The paper itself uses cautious hedging language, describing π0.7 as “early signs” of generalization and “initial demonstrations” of new capabilities. These are research results, not a developed product.
When asked directly when a system based on these findings might be ready for real-world deployment, Levine declines to speculate. “I think there’s good reason to be optimistic, and it’s certainly moving faster than I expected a few years ago,” he says. “But it is very difficult for me to answer that question.”
Natural Intelligence has raised over $1 billion to date and was recently valued at $5.6 billion.

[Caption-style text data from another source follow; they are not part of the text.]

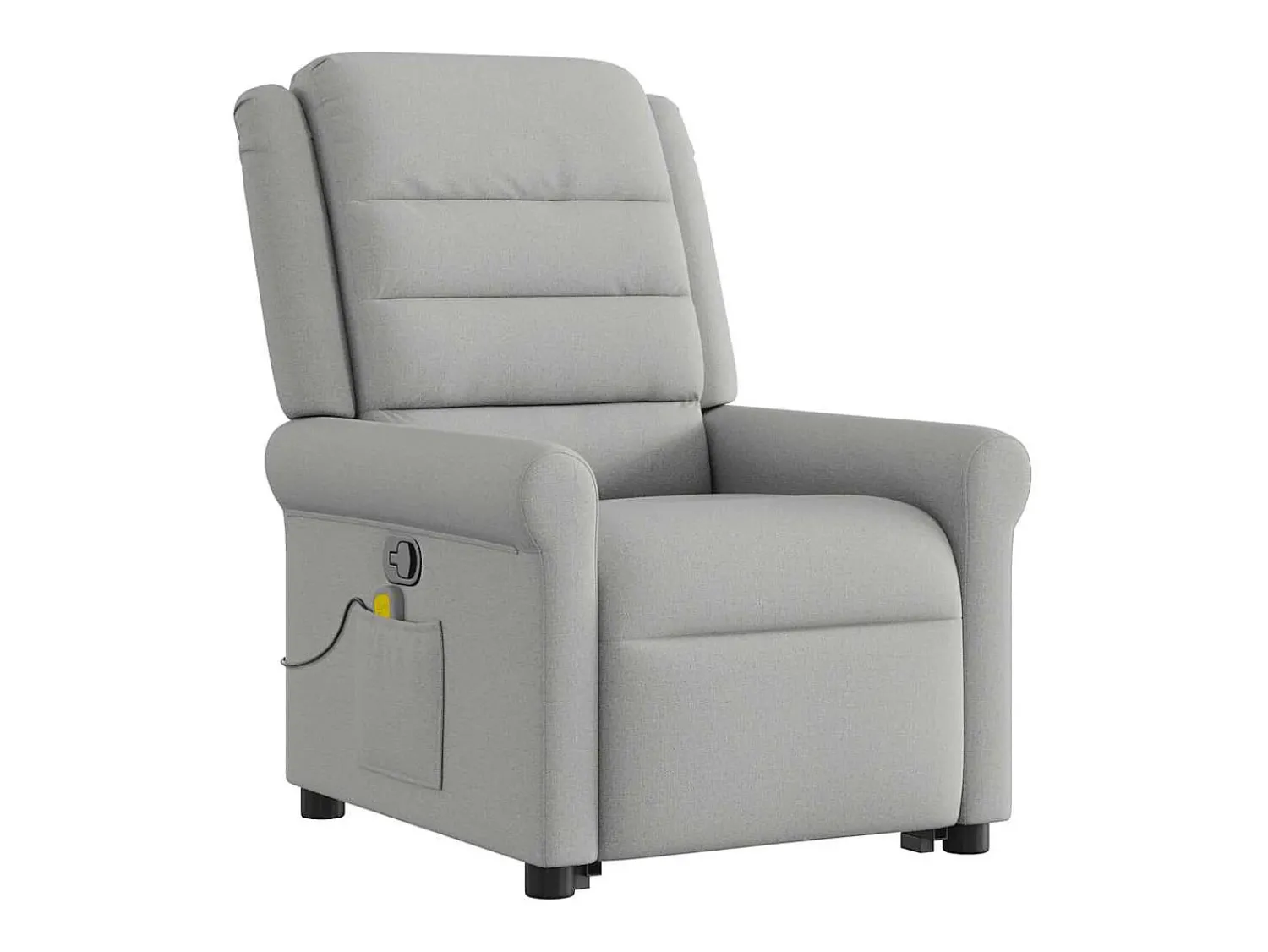 Poltrona elevatória de massagens tecido -nublado SHL489199^ Poltrona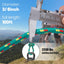 Cuerda trenzada diamante 3/8" 100pies uso marino camping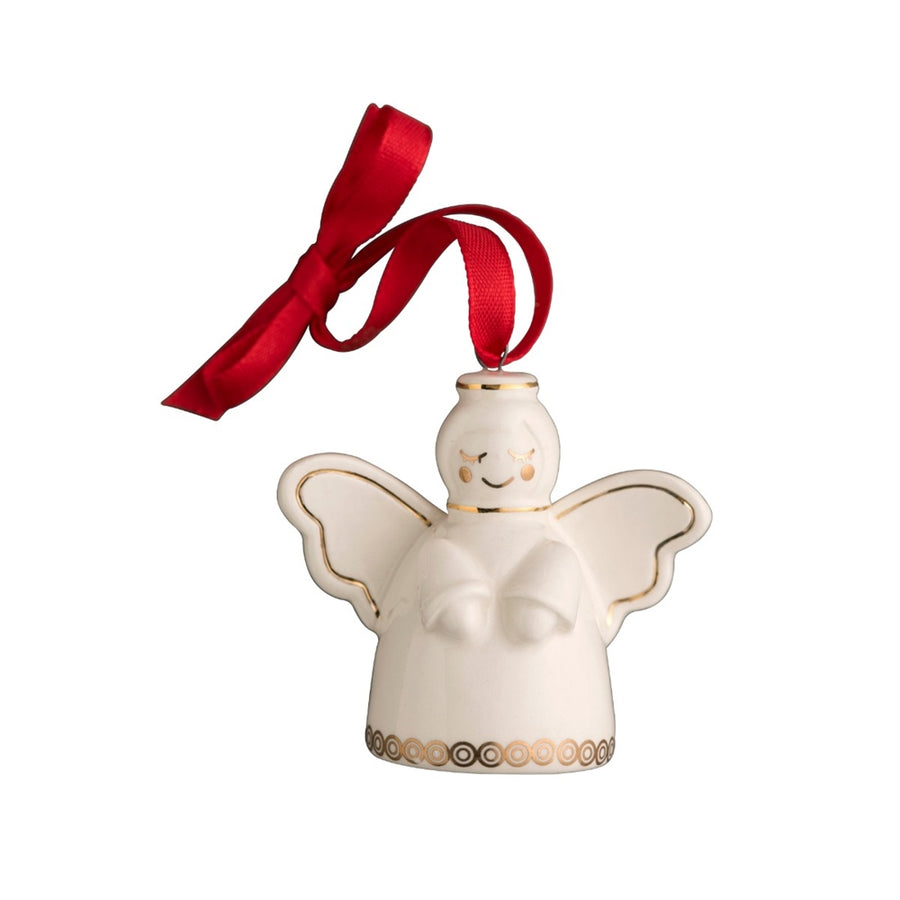 Belleek Living Mini Angel Ornament *AVAILABLE IN USA ONLY*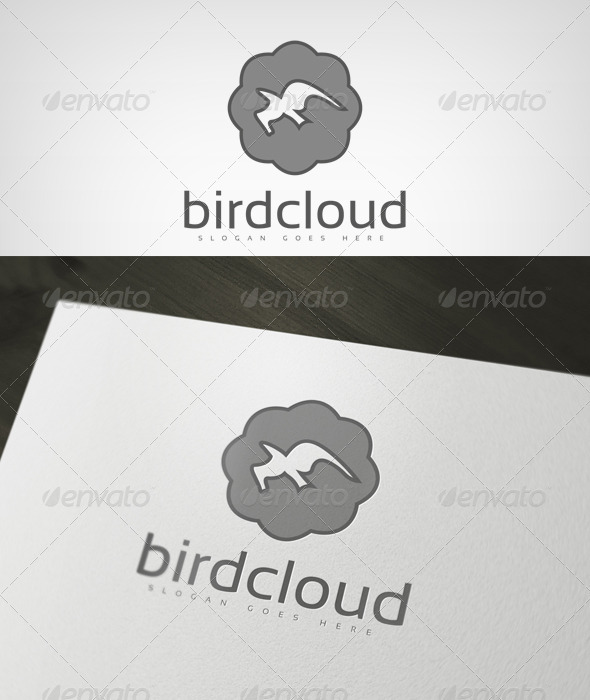 birdcloud - Animals Logo Templates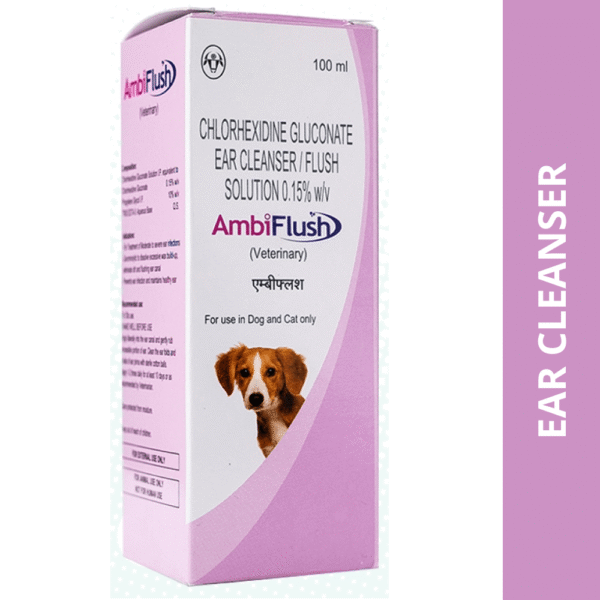 Intas Ambiflush Ear Cleanser (100ml) - 100mL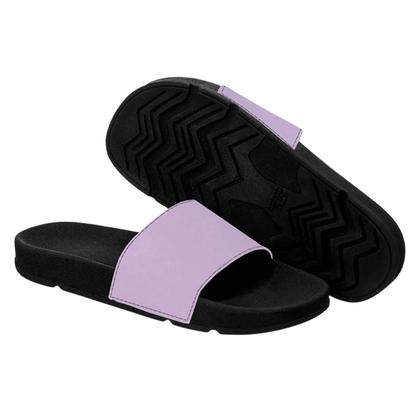 Imagem de Chinelo Slide Liso Unissex Confortável Leve Basico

A significant part of the investor excitement surrounding the company can be traced to Lachy Groom, a co-founder who spent years as one of Silicon Valley’s most notable angel investors—backing Figma, Notion, and Ramp, among others—before deciding that Physical Intelligence was the company he was looking for. That pedigree helped the startup attract serious institutional money, even though it declined to offer investors a commercialization timeline.
The company is now said to be in talks for a new round that would nearly double that valuation to $11 billion. The group declined to comment.